We do use a 3rd party service to help with this - but that on its own is imposing a 5- to 6-digit annual expense on our business.
> Our annual revenue from the site would put us on the list of top 100 ecommerce sites
and you're sweating a 5- to 6- digit annual expense?
> all our pricing is custom as negotiated with each customer.
> there's a huge number of products (low millions) and many thousands of distinct catalogs
Surely the business model where every customer has individually-negotiated pricing model costs a whole lot to implement, further, it gives each customer plenty of incentive to attempt to learn what other customers are paying for the same products. Given the tiny costs of fighting bots, in comparison, your complaints in these threads here seem pretty ridiculous.
> More often than not, it's a cooperating distributed net of hundreds of bots, coming from multiple AWS, Azure, and GCP addresses.
those are only the low-effort/cheap ones, the more advanced scraping makes use of residential proxies (peoples' pwned home routers, or where they've installed shady VPN software on their PC that turns them into a proxy) to appear to come from legitimate residential last mile broadband netblocks belonging to comcast, verizon, etc.

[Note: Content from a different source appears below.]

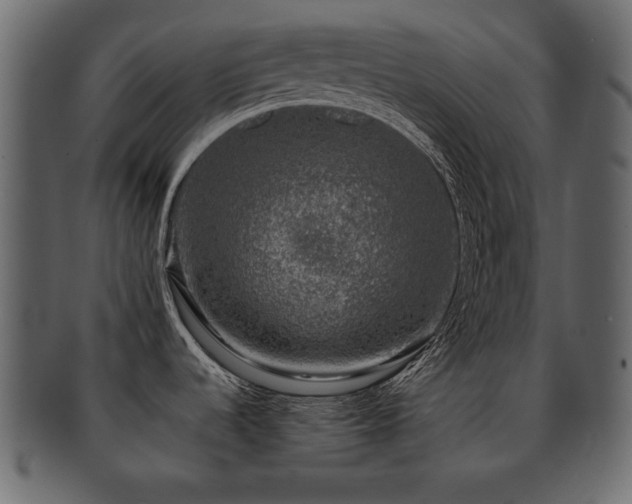 X0000093121536200709261318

google "residential proxies for sale" for the tip of an iceberg of a bunch of shady grey market shit.
There's a lot of metadata available for IPs, and that metadata can be used to aggregate clusters of IPs, and that in turn can be datamined for trending activity, which can be used to sift out abusive activity from normal browsing.
If you're dropping 6 figs annually on this and it's still frustrating, I'd be interested in talking with you. I built an abuse prediction system out of this approach for a small company a few years back, it worked well and it'd be cool to revisit the problem.
Yes. And if I could get the perpetrators to raise their hands so I could work out an API for them, it would be the path of least resistance. But they take great pains to be anonymous, although I know from circumstantial evidence that at least a good chunk of it is various competitors (or services acting on behalf of competitors) scraping price data.
IANAL, but I also wonder if, given that I'd be designing something specifically for competitors to query our prices in order to adjust their own prices, this would constitute some form of illegal collusion.
What seems to actually work is to identify the bots and instead of giving up your hand by blocking them, to quietly poison the data. Critically, it needs to be subtle enough that it's not immediately obvious the data is manipulated. It should look like a plausible response, only with some random changes.
It's in their interest. I've scraped a lot, and it's not easy to build a reliable process on. Why parse a human interface when there's an application interface available?
We do use a 3rd party service to help with this - but that on its own is imposing a 5- to 6-digit annual expense on our business.